The next week, the newly married Heather and Reg lived through what they describe as a “horrendous nightmare”.
“I had a sinking feeling I would never see them again, because if they could’ve got to a phone, they would have called.”
Eventually, they were told of the deaths of Elizabeth and 13-year-old June.
Reg was asked to find the dental records of his father-in-law Richard as his body wasn’t even recognisable.
All three died of burns, according to the coroner’s office.
Image: June with her mother Elizabeth in 1972. Pic: Reg Lea
“A witness at the time said my mother and sister had gone into the building to collect some bingo winnings, and when the fire started, my dad ran into the burning building to try and save them,” says Heather.
“It’s a horrible thing to happen to anybody.”
The main causes of death for the victims were suffocation, carbon monoxide poisoning, burns and multiple injuries from falling.
A total of 102 people were injured – almost all were holidaymakers who had come for a break from the north of England.
The fire was thought to have been started by a discarded cigarette.
“We coped because we were newly married, we had a new life,” says Heather.
Reg adds that the couple stuck to their daily routine and tried to carry on as best they could.
“But I remember about two months after it happened, I went to see my doctor to ask for help, and he said, ‘is your marriage OK?’
“I had to say… ‘I’m not here for my marriage, can you help me with Summerland?'”
The couple, who now live in the Wirral, Merseyside, still find it painful to talk about the subject to this day – but it’s the findings of an investigation into the inferno that stays with them.
‘They said no villains’ were responsible
On 24 May 1974, a report was released cataloguing a series of failures regarding the Summerland disaster, from the design of the building, to the fire safety regulations.
No individuals or groups were singled out to blame for what happened, and all the deaths were ruled as “death by misadventure”.
The report said the accident was down to “human errors, a reliance on the old-boy network and poor communications”.
Dr Ian Phillips of Birmingham University, who documented the disaster in a report, says “[the ruling] was wrong”.
“They said in it that there were no villains and I believe the coroner was influenced by that line and that’s why the ruling was ‘death by misadventure’.”

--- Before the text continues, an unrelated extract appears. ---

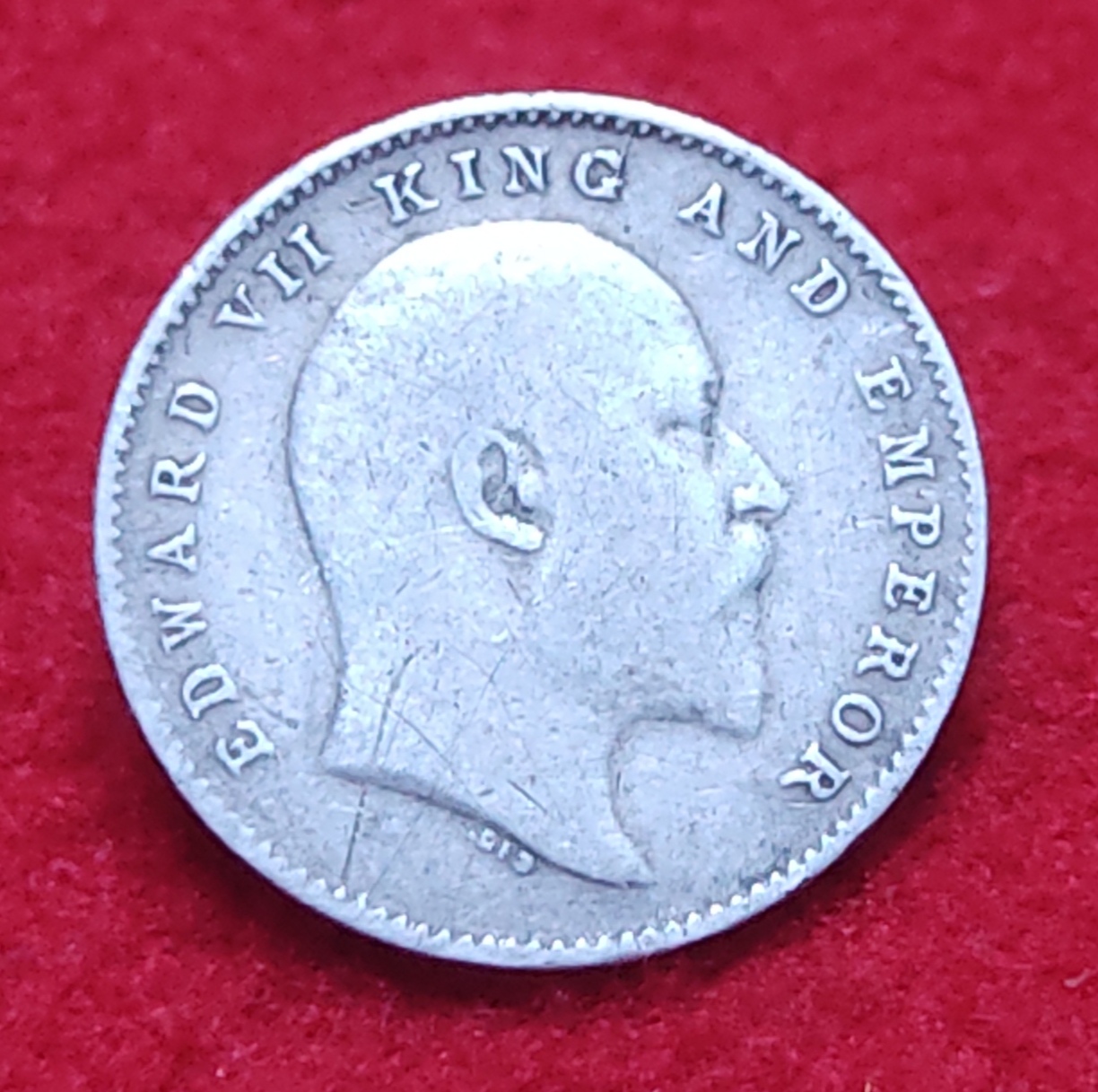 Two Annas Edward VII 1906 Calcutta Mint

A death by misadventure verdict is defined as “a death that is primarily attributed to an accident that occurred due to a risk that was taken voluntarily”. In other words, those that died were held to have been at least partly responsible for their own deaths.
The Summerland Fire Commission who investigated the incident, listed several reasons for the huge loss of life:
The evacuation of the building was delayed;
No fire alarm rang inside Summerland, even after the entire building was in flames;
The fire brigade was not called for 21 minutes after the fire began;
The internal layout didn’t take into consideration fire escape routes;
There was misuse of new building materials – Oroglas, Galbestos and Decalin.

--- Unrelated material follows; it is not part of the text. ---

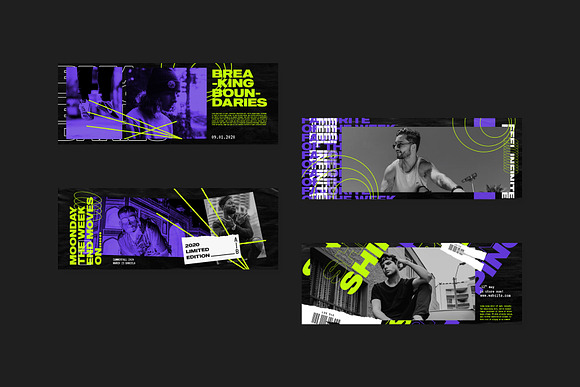 Bboyah Vol1 Facebook Cover Templates in Facebook Templates - product preview 3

Image: The remains of the Summerland building
What was clear from the report was just how many things had gone wrong – both on the night, and from the day the ideas for the complex were drawn up by James Phillipps Lomas and a team of architects hired by Douglas Corporation to create the leisure centre.
One element focused on was the Oroglas material. It was used by the architects for its ‘transparent effect’ to give the building its greenhouse look – but didn’t satisfy building regulations on the island.
At the time of building, the law was waivered.
Dr Phillips explains that while the waiving of building regulations isn’t entirely uncommon, other measures are usually put into place.
“Compensatory measures are usually made to make up for any potential shortcomings where fire safety was concerned – but not in this case.”
The list of failings in the report continued. The open design led to the fire spreading at speed in all directions, according to the investigators.
The person in charge of the control room on the day of the fire who needed to sound the alarms throughout the building in the event of such a blaze didn’t know how to operate the fire alarm panel.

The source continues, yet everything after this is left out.